The "gun" is actually something called a mass spectrometer that scans the produce, identifying a sort of fingerprint of each item. Greg Shewmaker, Target's entrepreneur in residence, came up with the idea.
"What we want to do is be able to create that profile, to say, 'How does that differ? Or does it differ?'" Shewmaker said. "Every time he presses this button, we get essentially five pictures of that strawberry."
This machine is a prototype of what the company hopes will one day be a scanner that will tell consumers everything they could want to know about their food, reports CBS News correspondent Anna Werner.
"It's going to let us know, and the customers know, what they're buying, where it's from, and how long it's going to last."
The work is happening in Florida and in Cambridge, where Target is partnering with design firm IDEO and MIT researchers to create transparency in the food system.
"We know less about the food we eat today than in any other time in history," Shewmaker said.
Back at Target's warehouse, the scanning has gone on for a month. Thousands of items have been analyzed for nutrient content and freshness.
Each wavy line that shows on a monitor measures a particular level - like for Vitamin C, antioxidants or moisture - which can indicate the ripeness of each piece of fruit.
The hope is that one day, a single scan will uncover information like where the fruit was grown, even down to which side got more sunlight, when it was picked and how long it could be before it goes bad.
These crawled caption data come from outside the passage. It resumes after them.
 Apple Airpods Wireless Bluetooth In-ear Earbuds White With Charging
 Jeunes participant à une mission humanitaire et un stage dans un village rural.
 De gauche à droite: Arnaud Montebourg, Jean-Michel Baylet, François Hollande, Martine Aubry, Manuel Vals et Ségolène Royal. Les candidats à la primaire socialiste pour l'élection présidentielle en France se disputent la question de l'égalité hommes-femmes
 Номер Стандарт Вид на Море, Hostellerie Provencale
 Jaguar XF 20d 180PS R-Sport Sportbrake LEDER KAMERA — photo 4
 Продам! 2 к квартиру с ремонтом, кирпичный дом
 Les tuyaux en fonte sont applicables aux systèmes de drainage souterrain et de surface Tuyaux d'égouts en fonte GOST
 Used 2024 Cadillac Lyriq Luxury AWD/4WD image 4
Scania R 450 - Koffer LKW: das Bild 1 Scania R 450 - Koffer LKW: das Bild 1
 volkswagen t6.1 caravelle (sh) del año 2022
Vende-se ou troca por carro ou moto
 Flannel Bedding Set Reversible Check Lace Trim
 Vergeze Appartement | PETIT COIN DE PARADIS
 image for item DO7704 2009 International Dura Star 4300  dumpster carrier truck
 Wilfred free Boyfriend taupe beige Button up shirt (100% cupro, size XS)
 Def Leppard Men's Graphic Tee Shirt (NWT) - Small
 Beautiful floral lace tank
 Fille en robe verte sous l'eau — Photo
And produce is just the beginning. The team's ultimate goal is to eventually be able to track and identify all foods around the globe, then hopefully equip consumers with their own hand-held devices or smartphone apps to use to scan food.
Currently, the grocery manufacturers association said roughly 10 percent of food purchases are adulterated or misidentified, including horse meat labeled as "beef," fine wines diluted with water, or farmed salmon marked as "wild."
Marie Braggs, an assistant professor of global public health at New York University, said this effort contrasts with what she often sees happening in the food industry.
"We know how much cotton and spandex are in our clothing products, but we don't actually know what's in our food, which is pretty striking," Braggs said. "The industry spends a lot of money and effort to prevent consumers from knowing what exactly is in their food. So it's in their benefit for us to not really know how long products have been on the shelf or what exactly is in them."
But in the future, consumers may not have to depend on any company for the information they need.
"Think about if you say, 'hey our produce is fresher.' And guess what? We're going to arm you with the ability to fact check that,'" Shewmaker said.